=== Instructions for the task ===
All of the data should be given again word for word, though the images are to be left out.

Top of Dataset excerpt

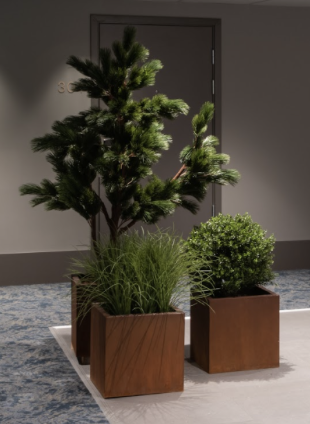 Serie Corten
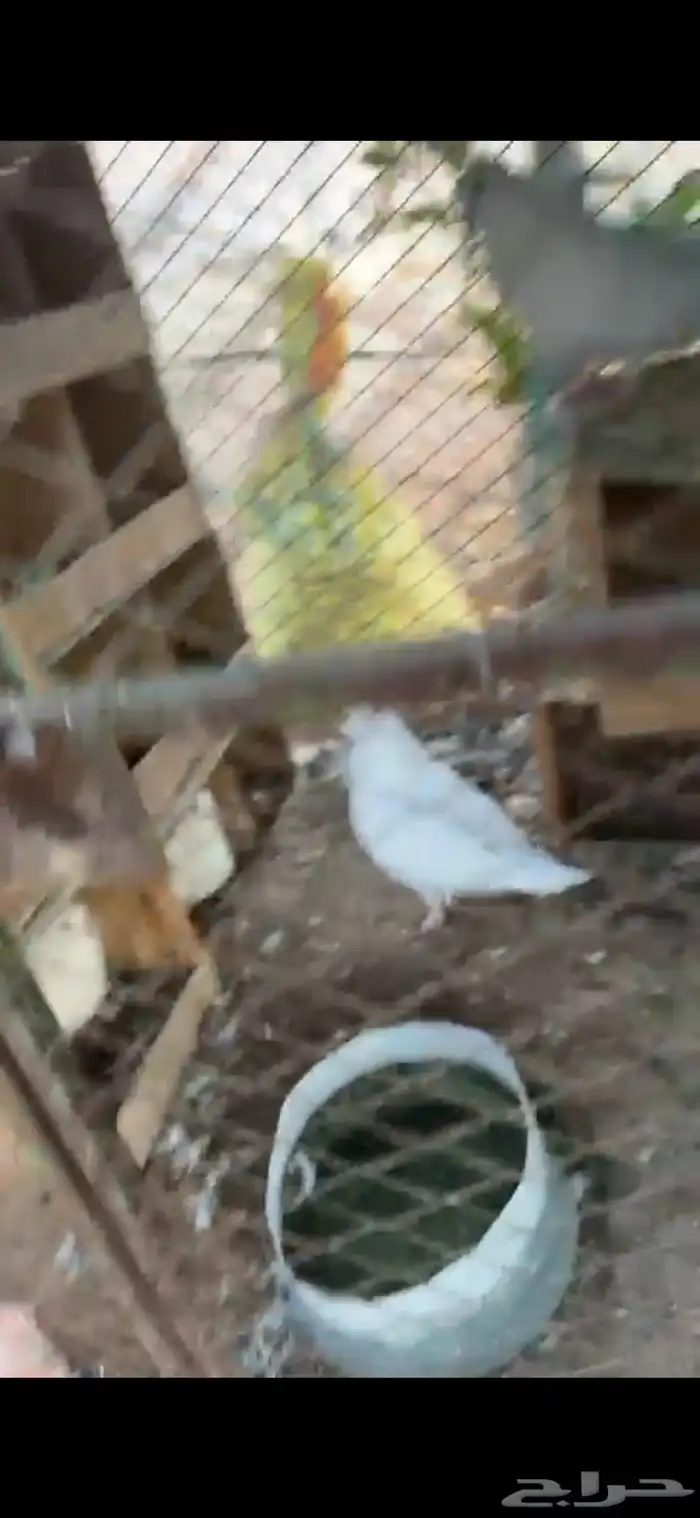 حمام زاجل   فرنسي 1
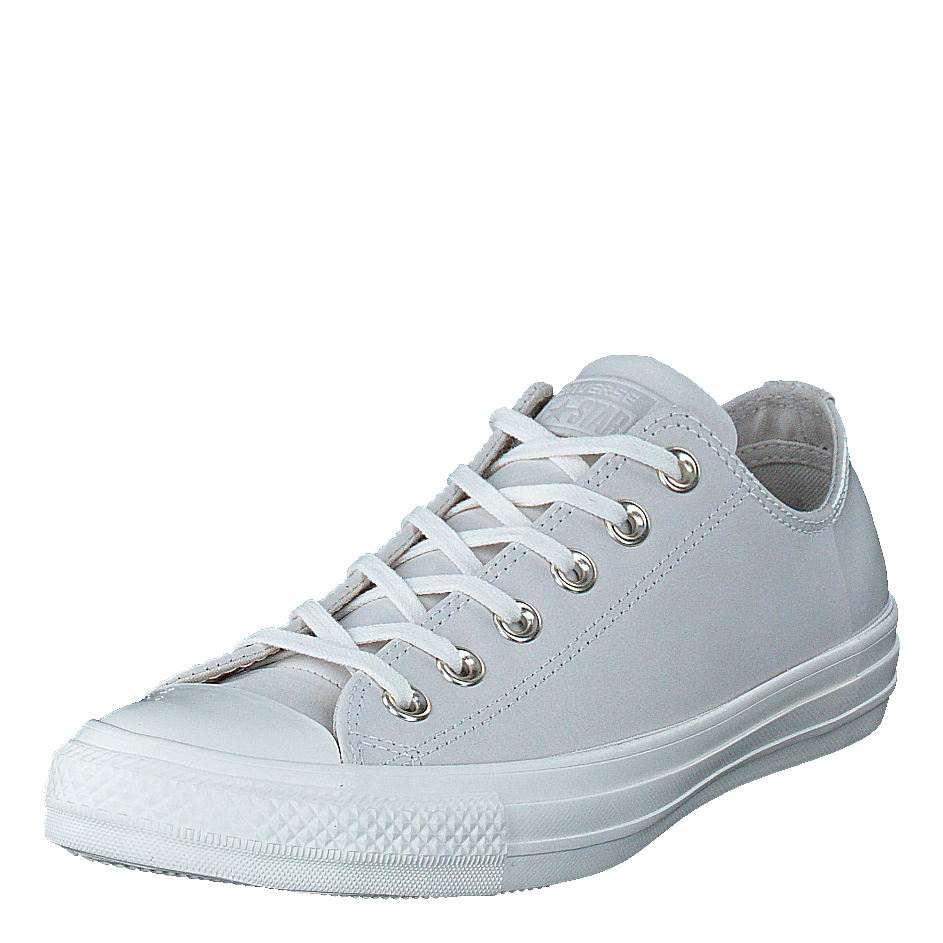 Chuck Taylor All Star Egret/egret/driftwood
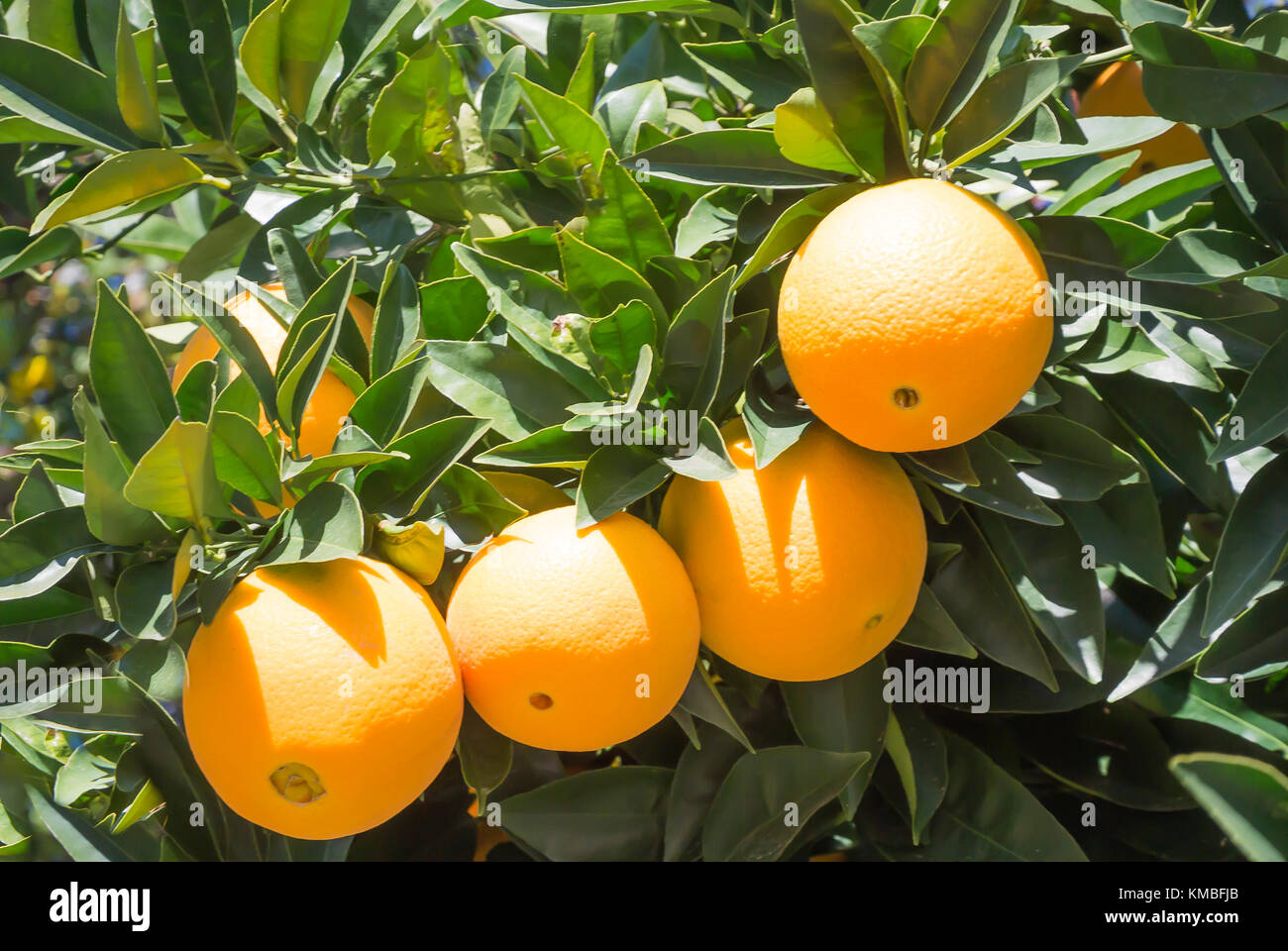 Les oranges Growing on Tree Banque D'Images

Bottom of Dataset excerpt

=== Finished task ===
 Serie Corten
 حمام زاجل   فرنسي 1
 Chuck Taylor All Star Egret/egret/driftwood
 Les oranges Growing on Tree Banque D'Images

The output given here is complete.